Heavy Tailed Distribution

Tail distribution function:

$$\overline{F}(x) \equiv \Pr[X>x] = 1 - F(x)$$

Heavy-tailed distributions are probability distributions whose tails are not exponentially bounded:

$$\forall \lambda>0,\quad \lim_{x \to \infty} e^{\lambda x} \overline{F}(x) = \infty$$

A probability distribution is light-tailed if it is not heavy-tailed.

There are three important subclasses of heavy-tailed distributions:

Fat-tailed distribution: regularly varying $$\exists \alpha, c > 0,\quad \lim_{x \to \infty} x^{\alpha} \overline{F}(x) = c$$
Subexponential distribution: ("catastrophe principle") $$\forall n \in \mathbb{Z}^+, \lim_{x \to \infty} \overline{F}_{X_{(n)}}(x) / \overline{F}_{\sum X_i}(x) = 1$$
Long-tailed distribution: $$\forall t>0, \lim_{x \to \infty} \overline{F}(x+t) / \overline{F}(x) = 1$$

All subexponential distributions are long-tailed.

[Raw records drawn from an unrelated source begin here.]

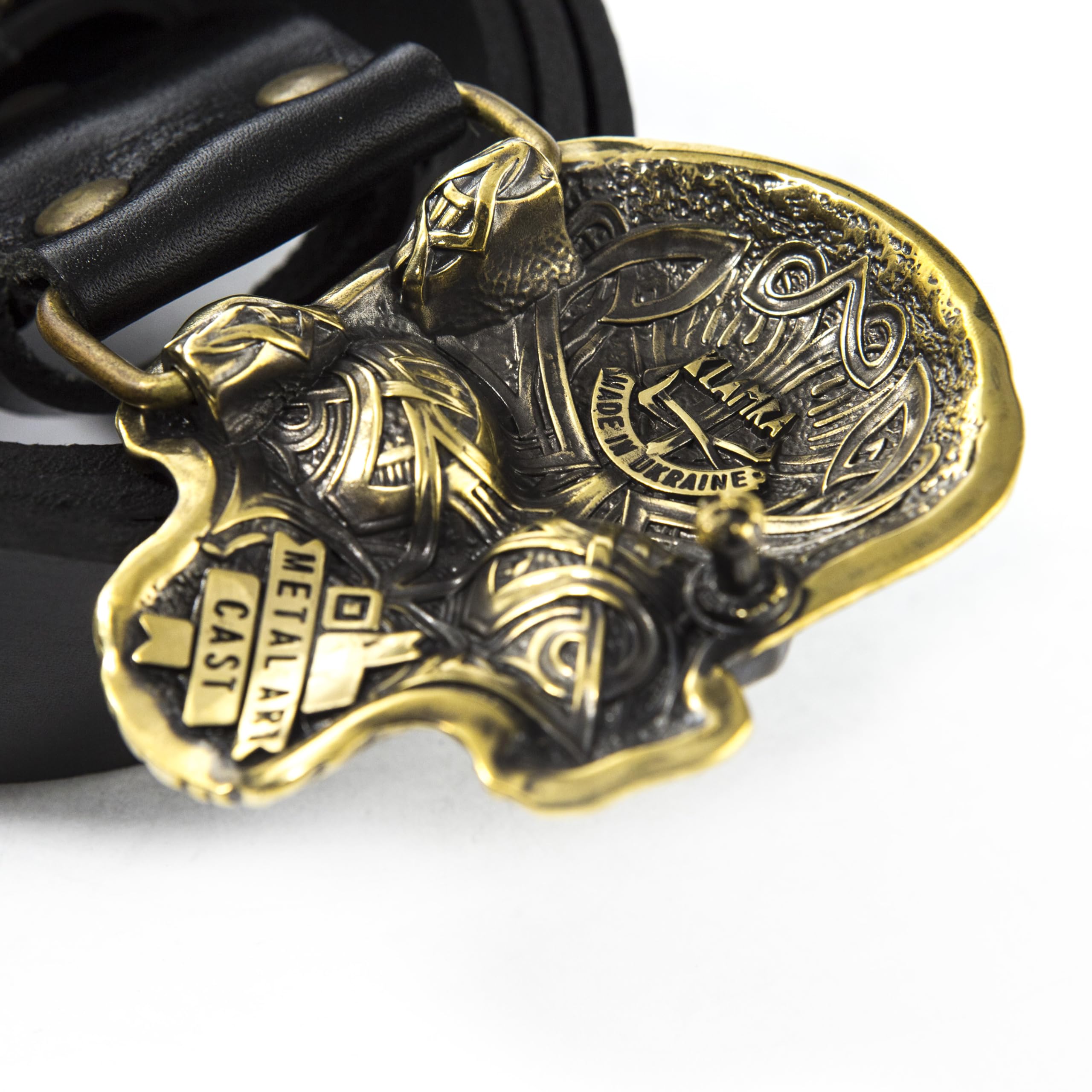 Men's Genuine Leather Belt with Solid Brass Skull Buckle - 1.5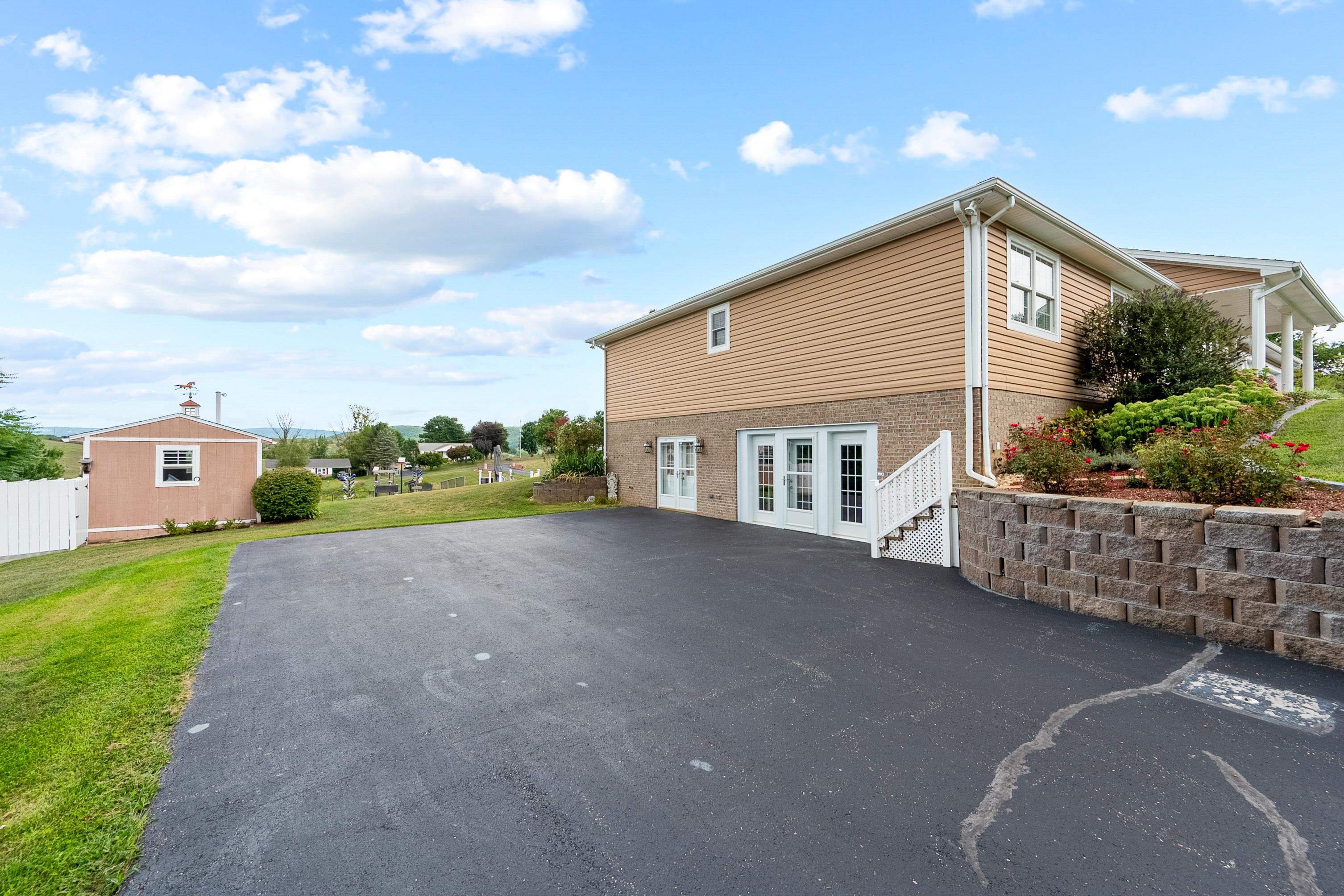 409 Whispering Pines Road Max Meadows VA 24360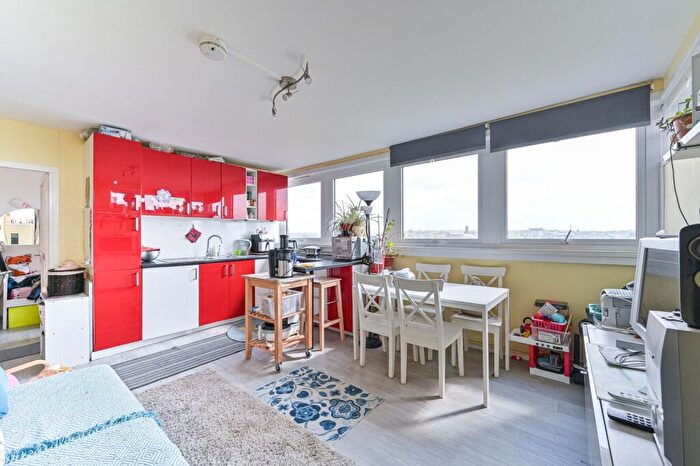 3 Bedroom Flat For Sale In Camberwell Road, Camberwell, London, SE5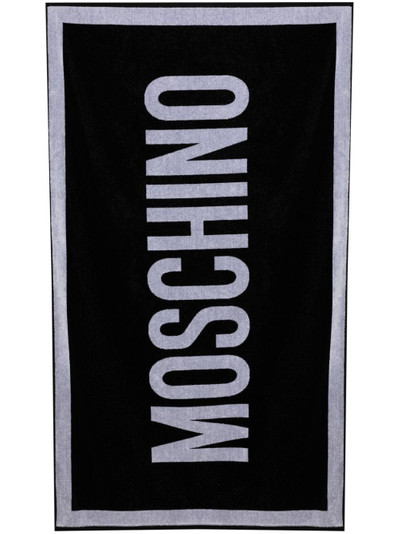 Moschino logo-jacquard beach towel outlook
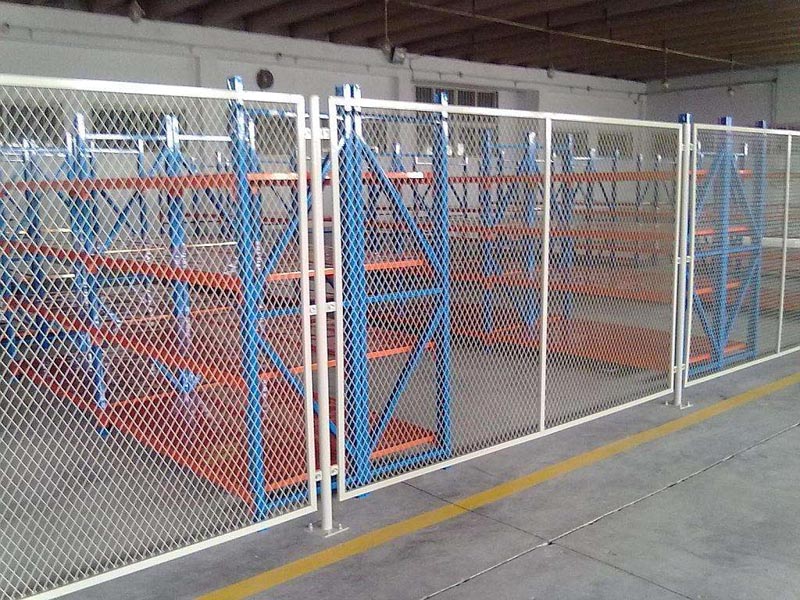 鋼板網(wǎng)護(hù)欄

Examples of heavy-tailed distributions:

Fat-tailed: Pareto, log-logistic;
Subexponential: log-normal, Weibull;
Long-tailed distribution: ;

Zipf, Cauchy, Student's t, Frechet

Properties

Scale invariance

Distribution $F$ is scale invariant if:

$$\exists x_0, g: \forall \lambda, x, \lambda x \ge x_0, \overline{F}(\lambda x) = g(\lambda) \overline{F}(x)$$

Theorem: A distribution is scale invariant if and only if it is Pareto.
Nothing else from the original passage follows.